[twitter] fix extraction (x.com)

soimort · May 17, 2024 · 57f6502 · 57f6502
1 parent a4d34ff
commit 57f6502
Show file tree

Hide file tree

Showing 3 changed files with 10 additions and 6 deletions.
diff --git a/README.md b/README.md
@@ -376,7 +376,7 @@ Use `--url`/`-u` to get a list of downloadable resource URLs extracted from the
 | Site | URL | Videos? | Images? | Audios? |
 | :--: | :-- | :-----: | :-----: | :-----: |
 | **YouTube** | <https://www.youtube.com/>    |✓| | |
-| **Twitter** | <https://twitter.com/>        |✓|✓| |
+| **X (Twitter)** | <https://x.com/>        |✓|✓| |
 | VK          | <http://vk.com/>              |✓|✓| |
 | Vine        | <https://vine.co/>            |✓| | |
 | Vimeo       | <https://vimeo.com/>          |✓| | |

diff --git a/src/you_get/common.py b/src/you_get/common.py
@@ -113,6 +113,7 @@
     'veoh'             : 'veoh',
     'vine'             : 'vine',
     'vk'               : 'vk',
+    'x'                : 'twitter',
     'xiaokaxiu'        : 'yixia',
     'xiaojiadianvideo' : 'fc2video',
     'ximalaya'         : 'ximalaya',
@@ -1856,9 +1857,12 @@ def url_to_module(url):
         )
     else:
         try:
-            location = get_location(url) # t.co isn't happy with fake_headers
+            try:
+                location = get_location(url) # t.co isn't happy with fake_headers
+            except:
+                location = get_location(url, headers=fake_headers)
         except:
-            location = get_location(url, headers=fake_headers)
+            location = get_location(url, headers=fake_headers, get_method='GET')
 
         if location and location != url and not location.startswith('/'):
             return url_to_module(location)

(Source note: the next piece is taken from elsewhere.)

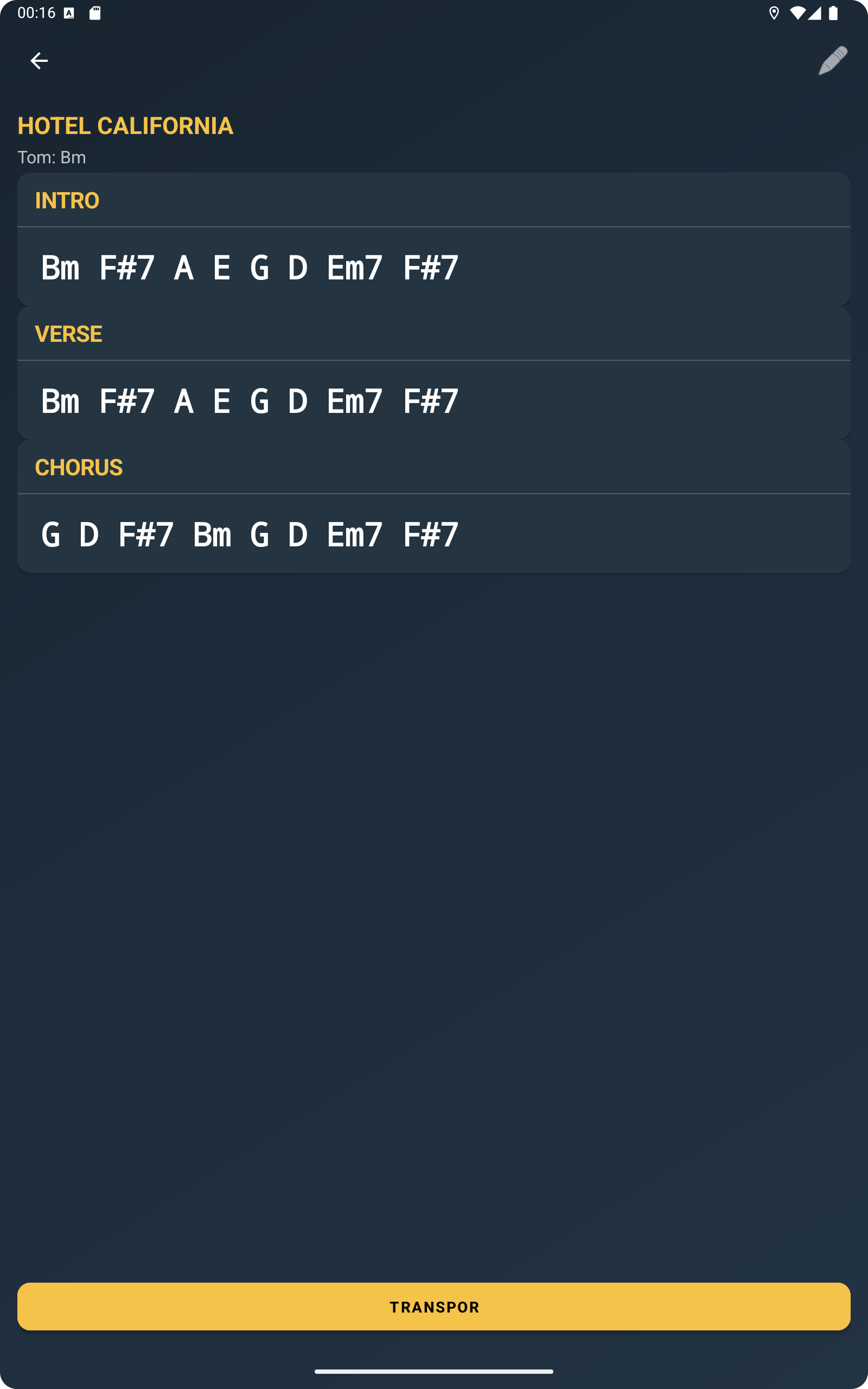 Ecr&atilde; de visualiza&ccedil;&atilde;o da m&uacute;sica com acordes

diff --git a/src/you_get/extractors/twitter.py b/src/you_get/extractors/twitter.py
@@ -34,9 +34,9 @@ def twitter_download(url, output_dir='.', merge=True, info_only=False, **kwargs)
                              **kwargs)
         return
 
-    m = re.match('^https?://(mobile\.)?twitter\.com/([^/]+)/status/(\d+)', url)
+    m = re.match('^https?://(mobile\.)?(x|twitter)\.com/([^/]+)/status/(\d+)', url)
     assert m
-    screen_name, item_id = m.group(2), m.group(3)
+    screen_name, item_id = m.group(3), m.group(4)
     page_title = "{} [{}]".format(screen_name, item_id)
 
     # FIXME: this API won't work for protected or nsfw contents
@@ -77,6 +77,6 @@ def twitter_download(url, output_dir='.', merge=True, info_only=False, **kwargs)
     # TODO: should we deal with quoted tweets?
 
 
-site_info = "Twitter.com"
+site_info = "X.com"
 download = twitter_download
 download_playlist = playlist_not_supported('twitter')